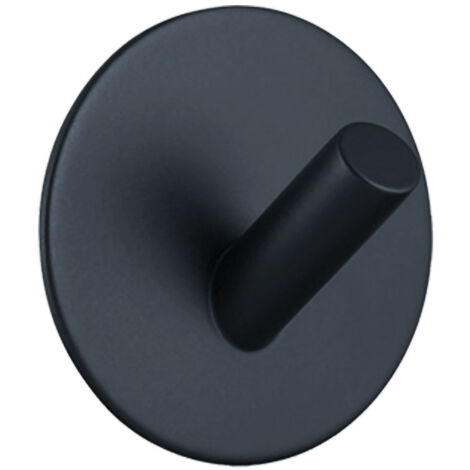 Ganchos adhesivos ManoMano de acero inoxidable negro redondo – 45 mm, montaje sin taladro para baño y cocina.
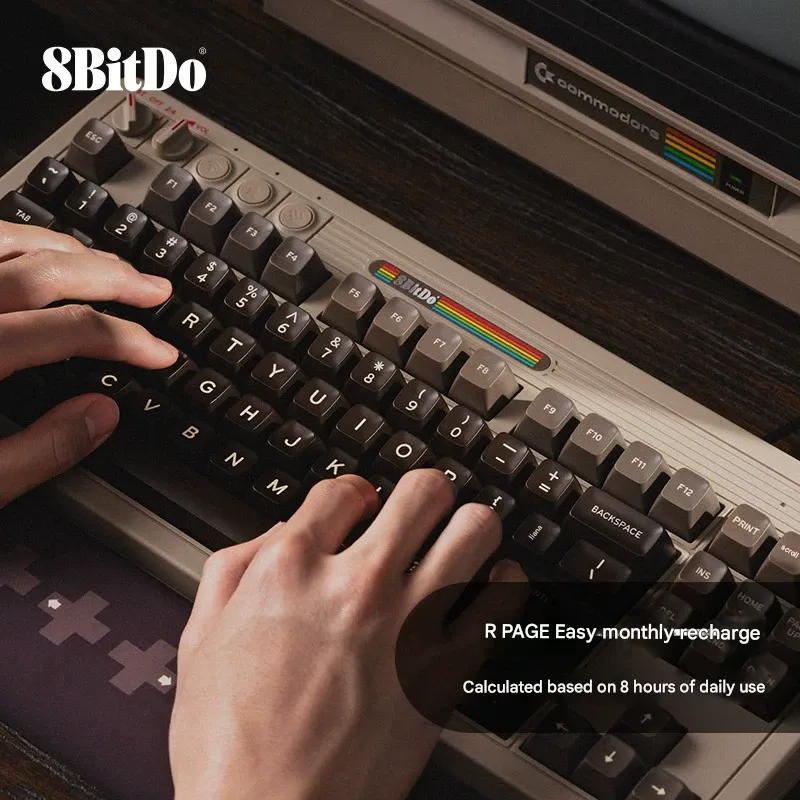 C64 Retro Mechanical Gaming Keyboard  Wireless Bluetooth 3-Mode 87-Key with Joystick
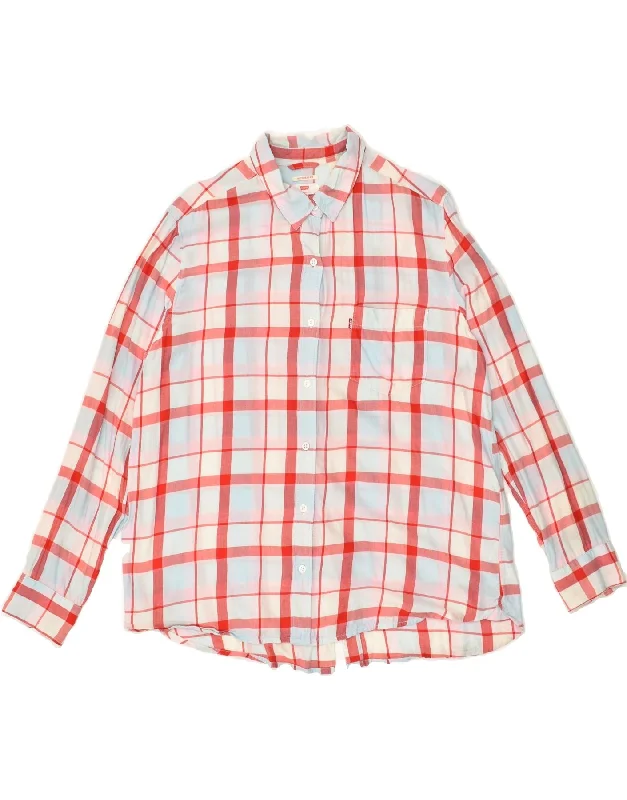 LEVI'S Womens Shirt UK 16 Large Red Check Cotton Elegant Button-Down Short Shirt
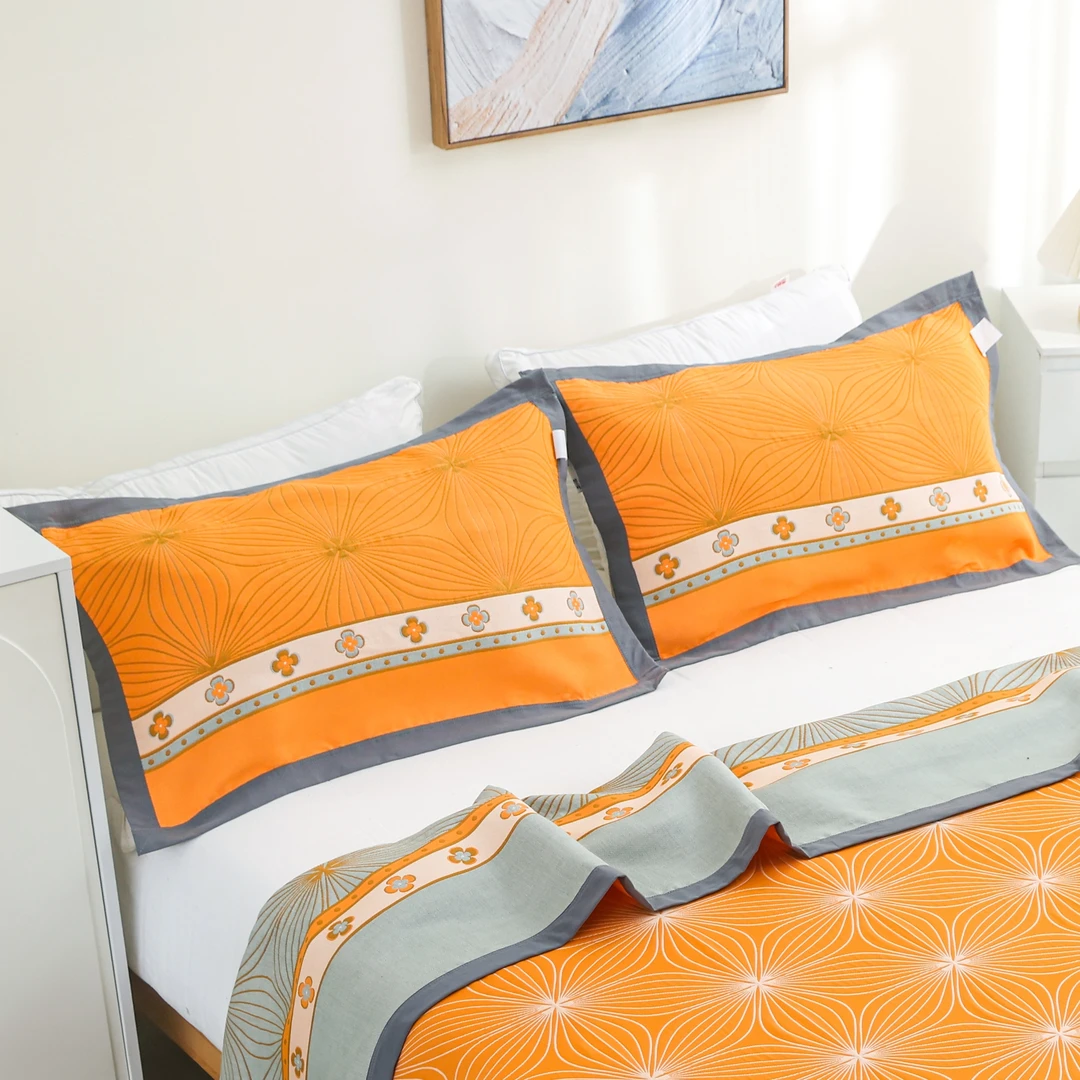 【R枕巾-晚棠-黄】52*78一对装多层纱布通用柔软枕巾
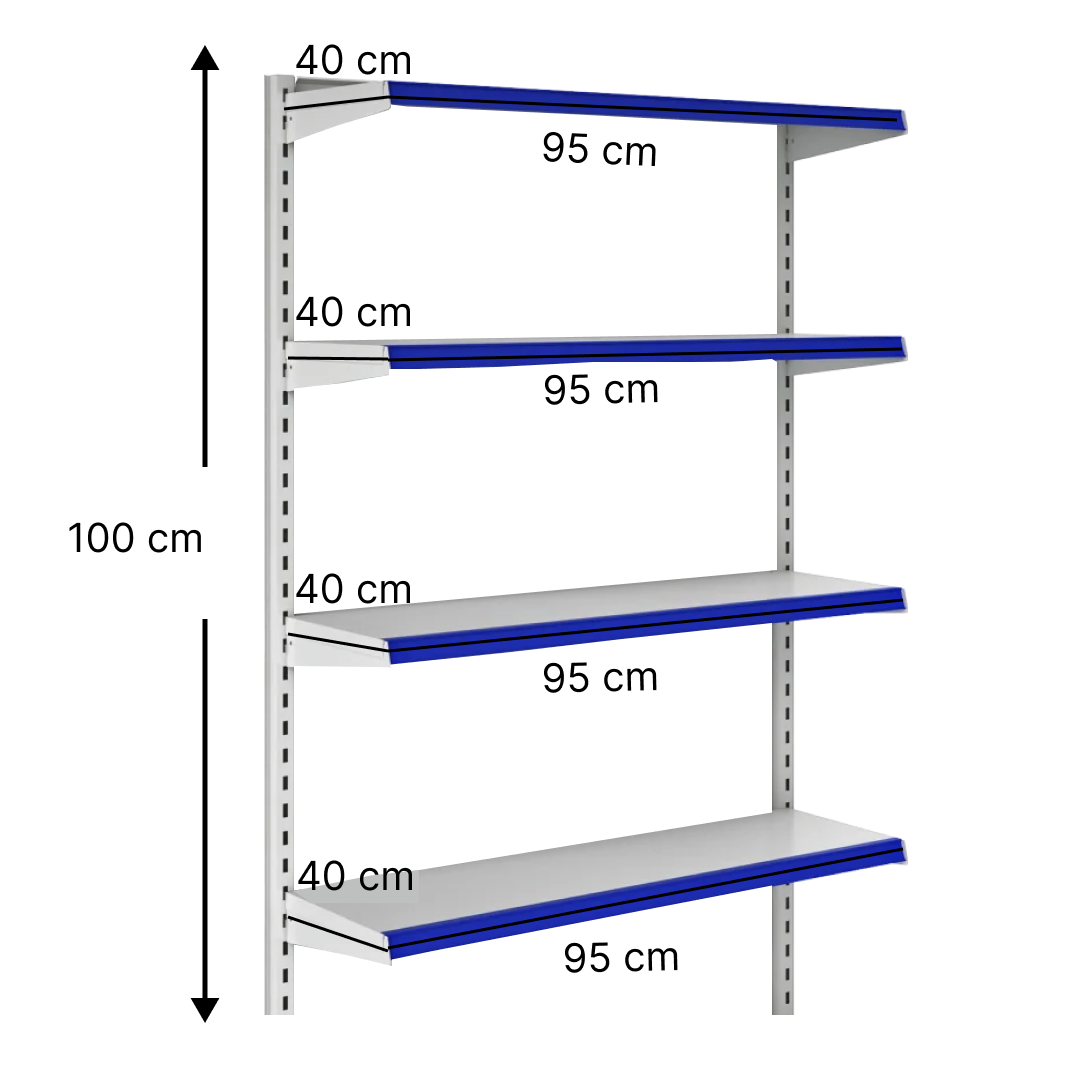 خرید و قیمت قفسه هایپری دیواری 4 طبقه 40x95 ارتفاع 100 - قفسه‌بندی وکیلی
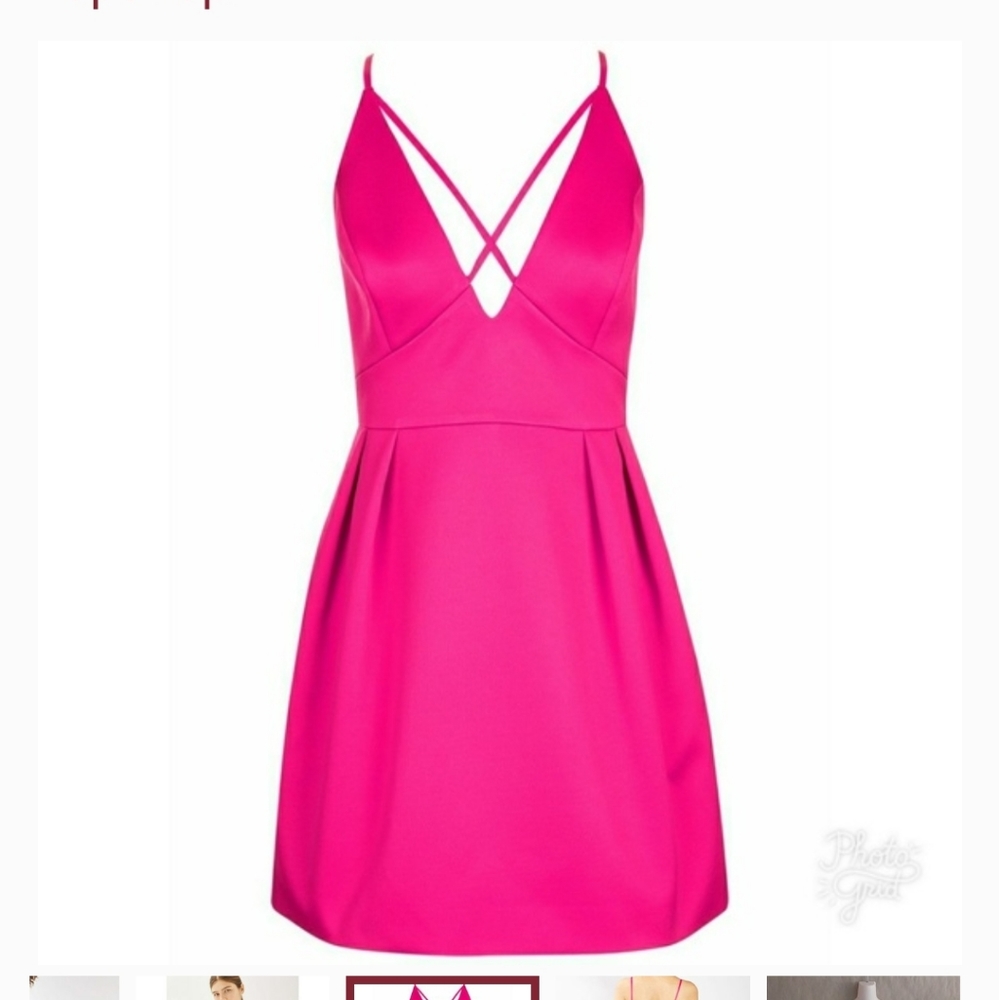 Topshop Hot Pink Front Cross Mini Dress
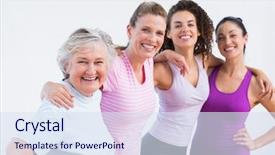  Presentation with friends - Cool new presentation theme with diferente - portrait of happy friends standing backdrop and a  colored foreground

Assignment >> Starting at the line that contains "Topshop Hot Pink Front Cross Mini Dress" and ending with the last line of the data, transcribe every line exactly; skip the pictures.

Task solution >>
 Topshop Hot Pink Front Cross Mini Dress
  Presentation with friends - Cool new presentation theme with diferente - portrait of happy friends standing backdrop and a  colored foreground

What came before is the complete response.